Undefined index:

I'm using this code to check if a cookie has a value :

If(!IsSet($HTTP_COOKIE_VARS["LoggedIn"])) ....


In case that this cookie is not set, how can i avoid the
Undefined index: line in the error log?

berber

At 2:37 PM +0200 6/16/07, WeberSites LTD wrote:
>I'm using this code to check if a cookie has a value :
>
> If(!IsSet($HTTP_COOKIE_VARS["LoggedIn"])) ....
>
>
>In case that this cookie is not set, how can i avoid the
>Undefined index: line in the error log?
>
>berber

berber:

Try this:

$loggedIn = isset($HTTP_COOKIE_VARS["LoggedIn"]) ?
($HTTP_COOKIE_VARS["LoggedIn"]) : "not logged in";
echo($loggedIn);

Cheers,

tedd
--
-------
http://sperling.com http://ancientstones.com http://earthstones.com

WeberSites LTD wrote:
> I'm using this code to check if a cookie has a value :
>
> If(!IsSet($HTTP_COOKIE_VARS["LoggedIn"])) ....
>
>
> In case that this cookie is not set, how can i avoid the
> Undefined index: line in the error log?

The isset function does not give an error if you pass it a non-existant
variable. Are you sure it's this line that's causing the undefined index
error?

-Stut

There is obviously something else wrong. That's the purpose of isset();

Comment out your line and see what happens.
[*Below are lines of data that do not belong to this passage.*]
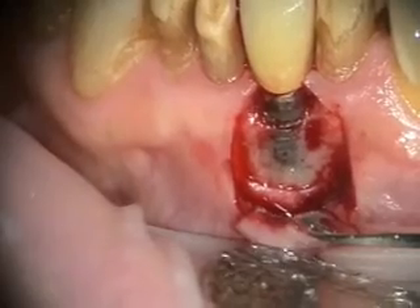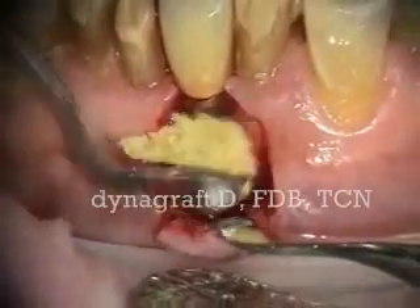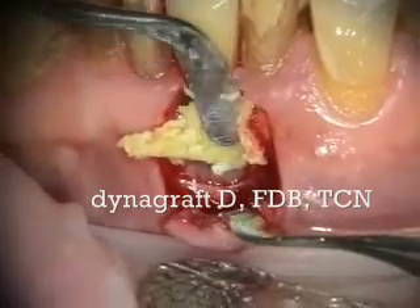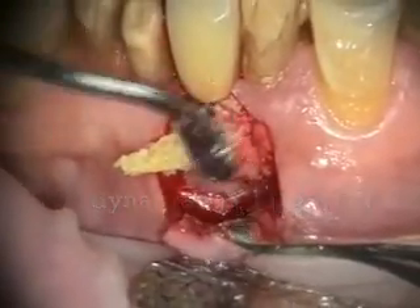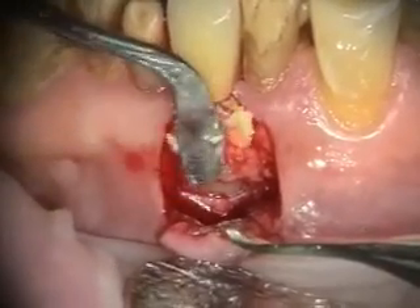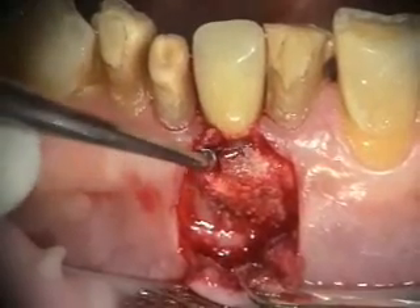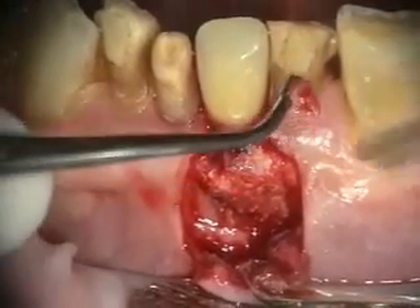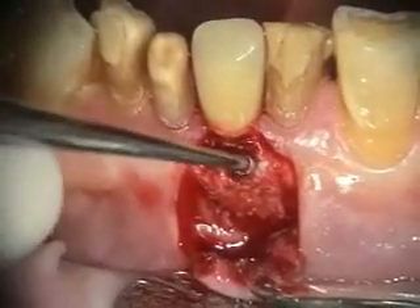I don't know if you need a probe or if you need the condenser or anything. I'm going to put the blade right there. I told him that he just had a probe.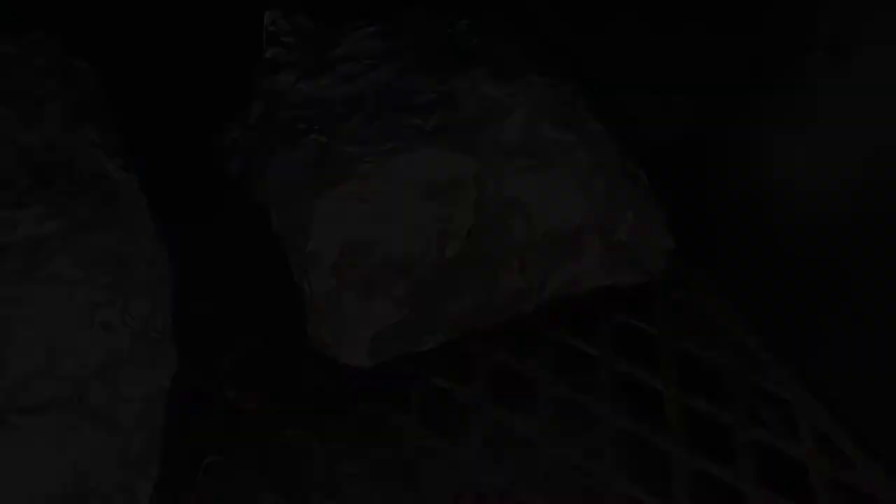We went ahead and took it off at 205 internal, let it rest for 45 minutes, and we're gonna go ahead and shred it. Unfortunately that's kind of where it ended — we had everybody over, got it shredded, and we all just kind of dug in.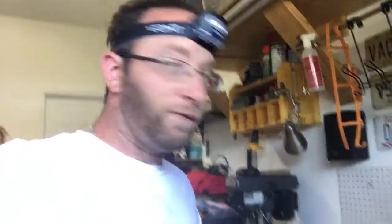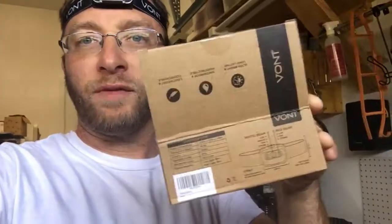This one is really awesome — extremely bright and perfect. This kit right here from Vont, I've done a couple of products for them actually, comes with two of these. It takes three triple-A's, so you can easily get that.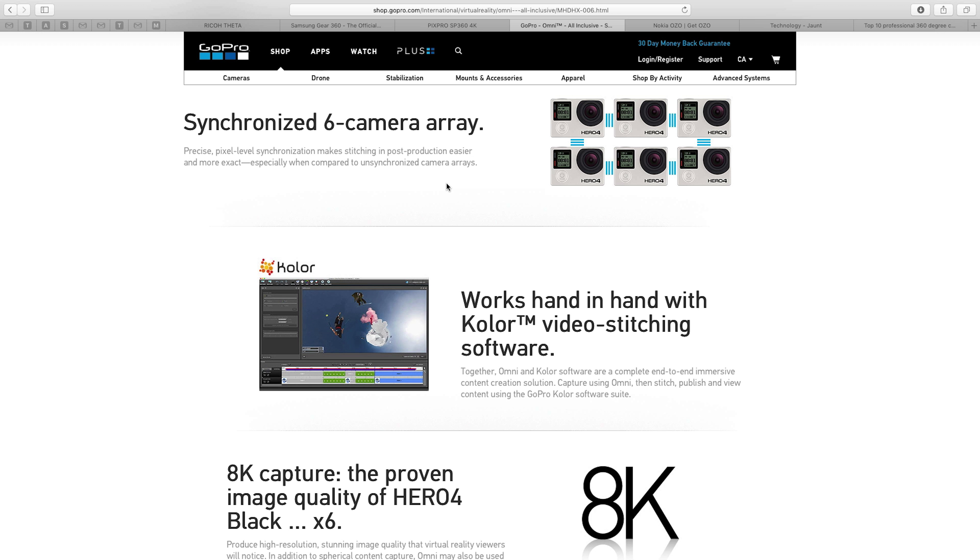Another thing to consider is something called parallax. In many cases, having more cameras allows you to have more overlap in your 360-degree video to get rid of some of these problems. The GoPro Omni is a great professional recording device for your 360 video, though it comes at a much higher price point.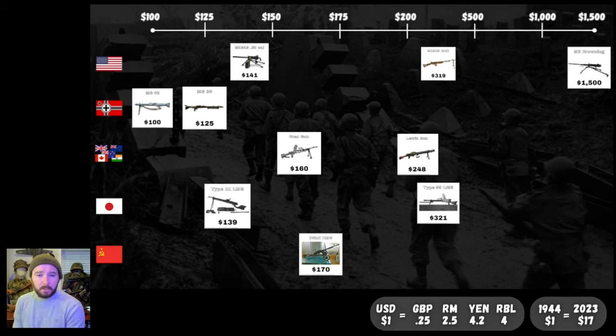The Japanese Type 11 at $139, the .30 Cal at $141, the Bren Gun at $160, the DShK at $170, the Lewis Gun and Type 99 moving further right, the BAR, and then the very expensive M2 at $1,500. Let me know what you guys thought of that — just running through all these different firearms from the Second World War and seeing how expensive they all were. Just imagine what you could buy with that kind of money now — $100 for an MG42, crazy to think about. Let me know in the comments if there are any weapons you'd like to see next time. Thanks for watching, everybody — until next time, be well, happy building, cheers.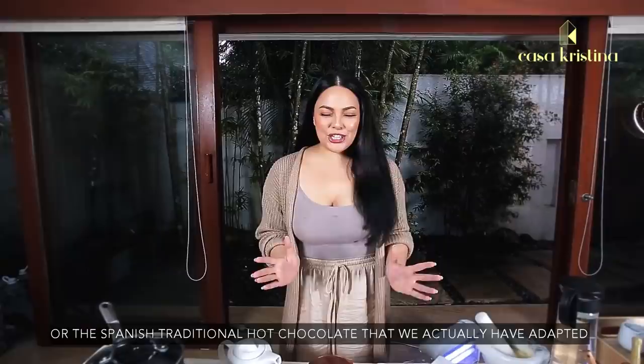Hi! Today we are making Chocolate E, the Spanish traditional hot chocolate that we have actually adapted and love here in the Philippines.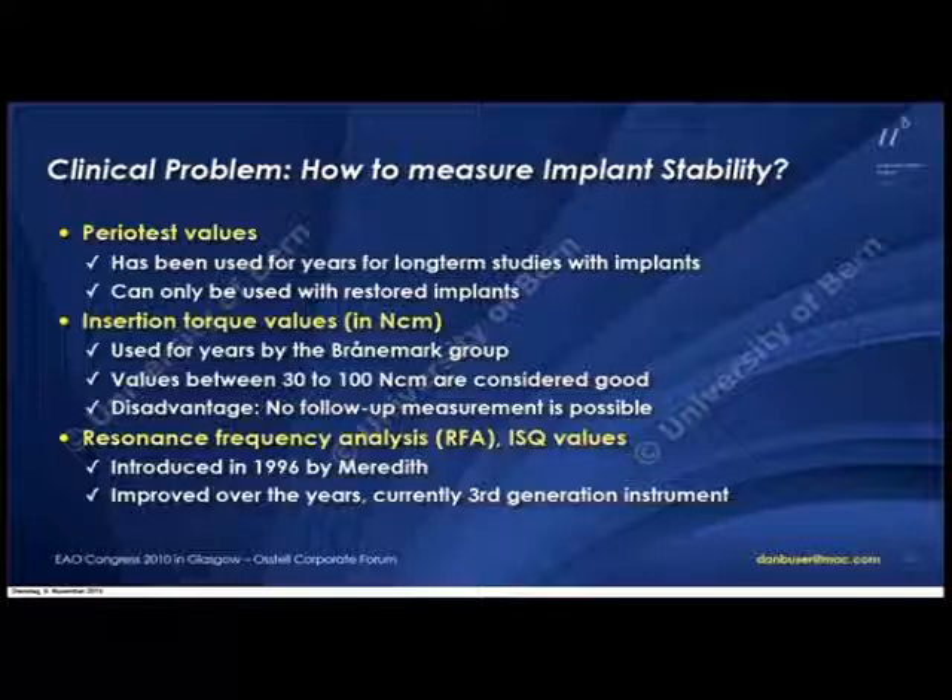We started to talk intensively about how we could measure implant stability to make that decision, because of course in the long run it's always about whether we can use it later in daily practice. When you look at the techniques to measure implant stability, I was thinking about Periotest values, which we have used many years in follow-up studies, but you can only really measure that when you have a restored implant.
I'd guess the real problem is later in your code when you are trying to do
something with $HTTP_COOKIE_VARS["LoggedIn"] even though your isset() test said
it didn't exist.

WeberSites LTD wrote:
> I'm using this code to check if a cookie has a value :
>
> If(!IsSet($HTTP_COOKIE_VARS["LoggedIn"])) ....
>
>
> In case that this cookie is not set, how can i avoid the
> Undefined index: line in the error log?
>
> berber
>